Code Review Annotation
Review AI coding agent output with GitHub PR-style inline diff comments, file-level correctness ratings, and approve or reject verdicts for code quality evaluation.
Code Review Annotation
New in v2.4.0
Evaluating code changes produced by AI coding agents requires more than a binary pass/fail judgment. Researchers and engineering teams need to assess code quality at multiple granularities: individual lines may contain bugs or style violations, entire files may be correctly modified or unnecessary, and the overall change set may solve the problem but introduce technical debt.

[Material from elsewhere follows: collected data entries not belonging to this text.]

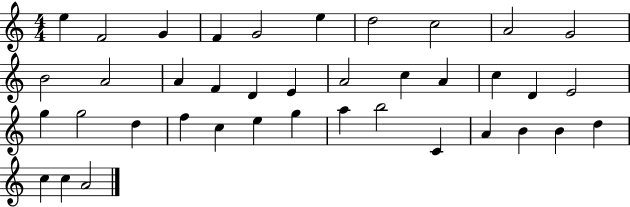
E5/q F4/h G4/q F4/q G4/h E5/q D5/h C5/h A4/h G4/h B4/h A4/h A4/q F4/q D4/q E4/q A4/h C5/q A4/q C5/q D4/q E4/h G5/q G5/h D5/q F5/q C5/q E5/q G5/q A5/q B5/h C4/q A4/q B4/q B4/q D5/q C5/q C5/q A4/h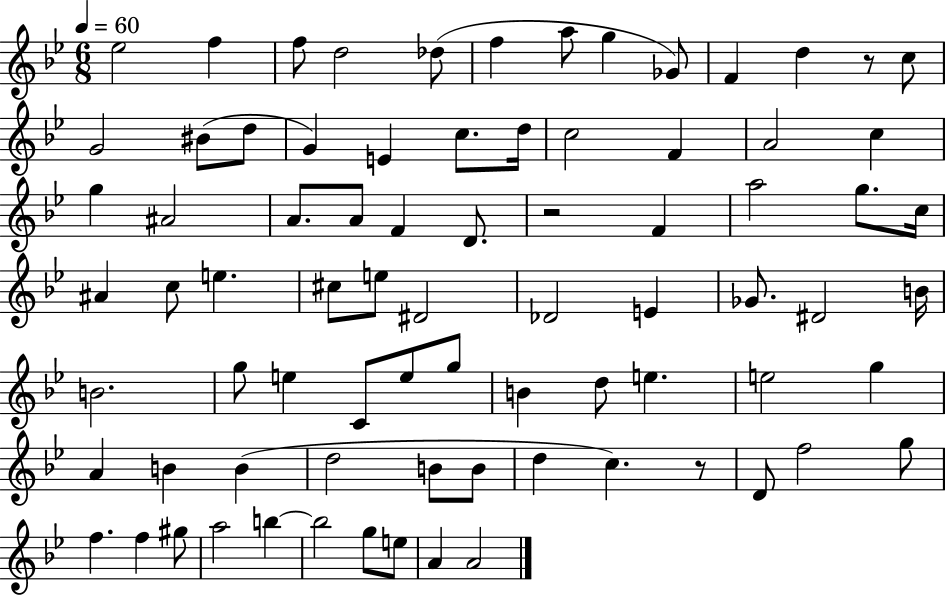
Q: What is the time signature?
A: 6/8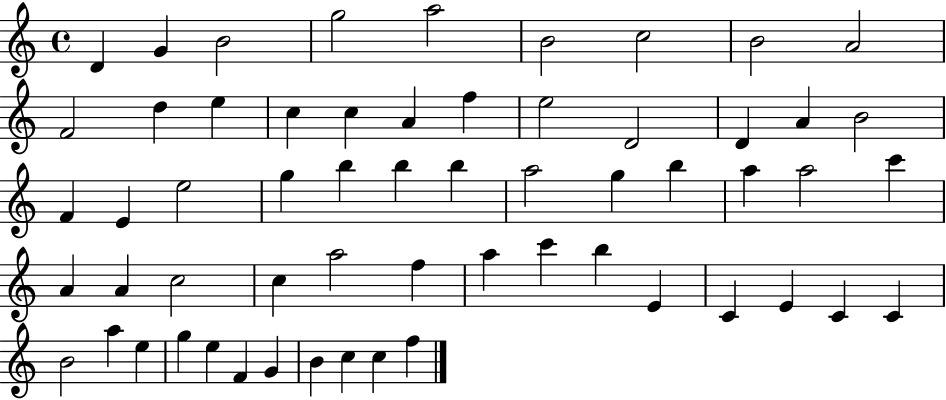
D4/q G4/q B4/h G5/h A5/h B4/h C5/h B4/h A4/h F4/h D5/q E5/q C5/q C5/q A4/q F5/q E5/h D4/h D4/q A4/q B4/h F4/q E4/q E5/h G5/q B5/q B5/q B5/q A5/h G5/q B5/q A5/q A5/h C6/q A4/q A4/q C5/h C5/q A5/h F5/q A5/q C6/q B5/q E4/q C4/q E4/q C4/q C4/q B4/h A5/q E5/q G5/q E5/q F4/q G4/q B4/q C5/q C5/q F5/q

This is the same workflow that human code reviewers follow when reviewing pull requests on GitHub.
Potato's code review annotation mode brings the GitHub PR review experience to agent evaluation. Annotators see unified diffs for every file the agent modified. They can click any diff line to leave an inline comment with a category tag. Each file gets a correctness and quality rating. The annotator gives a final verdict: approve, request changes, or comment only. All of this is captured in structured annotation data ready for training code quality models.
Inline Comments
Annotators click any line in a diff to open an inline comment form. Each comment has a category, a severity, and free-text content. The comment appears anchored to the specific line, just like GitHub PR review comments.
Comment Categories
The default comment categories cover the most common code review feedback types:
| Category | Description |
|---|---|
bug | Functional bug -- the code will not work correctly |
logic | Logic error -- the approach is flawed even if the syntax is valid |
security | Security vulnerability or unsafe practice |
performance | Performance issue -- unnecessary computation, memory leak, etc. |
style | Style violation -- naming, formatting, idiomatic usage |
suggestion | Alternative approach that would be better |
question | Clarification needed -- the reviewer is unsure about the intent |
praise | Positive feedback -- something the agent did well |
Configuration
annotation_schemes:
- name: inline_comments
annotation_type: code_review_comments
description: "Click any diff line to add an inline comment"
inline_comments:
# Comment categories
categories:
- value: bug
display: "Bug"
color: "#ef4444"
icon: "bug"
- value: logic
display: "Logic Error"
color: "#f97316"
icon: "alert-triangle"
- value: security
display: "Security"
color: "#dc2626"
icon: "shield-alert"
- value: performance
display: "Performance"
color: "#eab308"
icon: "zap"
- value: style
display: "Style"
color: "#6b7280"
icon: "palette"
- value: suggestion
display: "Suggestion"
color: "#3b82f6"
icon: "lightbulb"
- value: question
display: "Question"
color: "#8b5cf6"
icon: "help-circle"
- value: praise
display: "Praise"
color: "#22c55e"
icon: "thumbs-up"
# Severity levels (optional)
severity:
enabled: true
levels:
- value: critical
display: "Critical"
- value: major
display: "Major"
- value: minor
display: "Minor"
- value: nit
display: "Nit"
# Behavior
require_category: true
require_severity: false
allow_multi_line: true # comments can span a range of lines
allow_suggestions: true # annotator can write suggested replacement code
min_comments: 0 # minimum comments required before submissionSuggested Code Changes
When allow_suggestions is enabled, annotators can write a suggested replacement for the code block they are commenting on. This mirrors GitHub's "suggestion" feature. The suggestion appears in a code block below the comment and can be used to train code repair models.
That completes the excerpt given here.